# Directions:
Nothing but the lines from the one containing "Volvo V40 2016 photo 2" through the final line of the listing should appear in the answer, each exactly as written.

# Information shown:
^^^^^^^^^^^^^^^^

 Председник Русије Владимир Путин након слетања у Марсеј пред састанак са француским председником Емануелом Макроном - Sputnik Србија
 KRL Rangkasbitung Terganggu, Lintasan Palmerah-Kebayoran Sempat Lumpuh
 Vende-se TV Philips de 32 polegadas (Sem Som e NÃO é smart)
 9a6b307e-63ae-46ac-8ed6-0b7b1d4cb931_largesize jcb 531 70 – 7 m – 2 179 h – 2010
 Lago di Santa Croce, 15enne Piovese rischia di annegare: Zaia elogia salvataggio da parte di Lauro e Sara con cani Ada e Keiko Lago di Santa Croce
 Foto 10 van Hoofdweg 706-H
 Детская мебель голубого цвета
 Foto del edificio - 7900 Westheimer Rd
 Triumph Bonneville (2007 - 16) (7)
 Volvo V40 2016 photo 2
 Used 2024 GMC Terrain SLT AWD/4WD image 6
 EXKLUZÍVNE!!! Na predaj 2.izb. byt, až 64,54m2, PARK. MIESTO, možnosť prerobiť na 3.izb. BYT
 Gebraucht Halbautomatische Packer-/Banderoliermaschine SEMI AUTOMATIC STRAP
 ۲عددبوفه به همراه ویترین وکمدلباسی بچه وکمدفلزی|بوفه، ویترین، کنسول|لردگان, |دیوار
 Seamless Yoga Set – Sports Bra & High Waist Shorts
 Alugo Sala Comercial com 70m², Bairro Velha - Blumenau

^^^^^^^^^^^^^^^^

# Output below:
 Volvo V40 2016 photo 2
 Used 2024 GMC Terrain SLT AWD/4WD image 6
 EXKLUZÍVNE!!! Na predaj 2.izb. byt, až 64,54m2, PARK. MIESTO, možnosť prerobiť na 3.izb. BYT
 Gebraucht Halbautomatische Packer-/Banderoliermaschine SEMI AUTOMATIC STRAP
 ۲عددبوفه به همراه ویترین وکمدلباسی بچه وکمدفلزی|بوفه، ویترین، کنسول|لردگان, |دیوار
 Seamless Yoga Set – Sports Bra & High Waist Shorts
 Alugo Sala Comercial com 70m², Bairro Velha - Blumenau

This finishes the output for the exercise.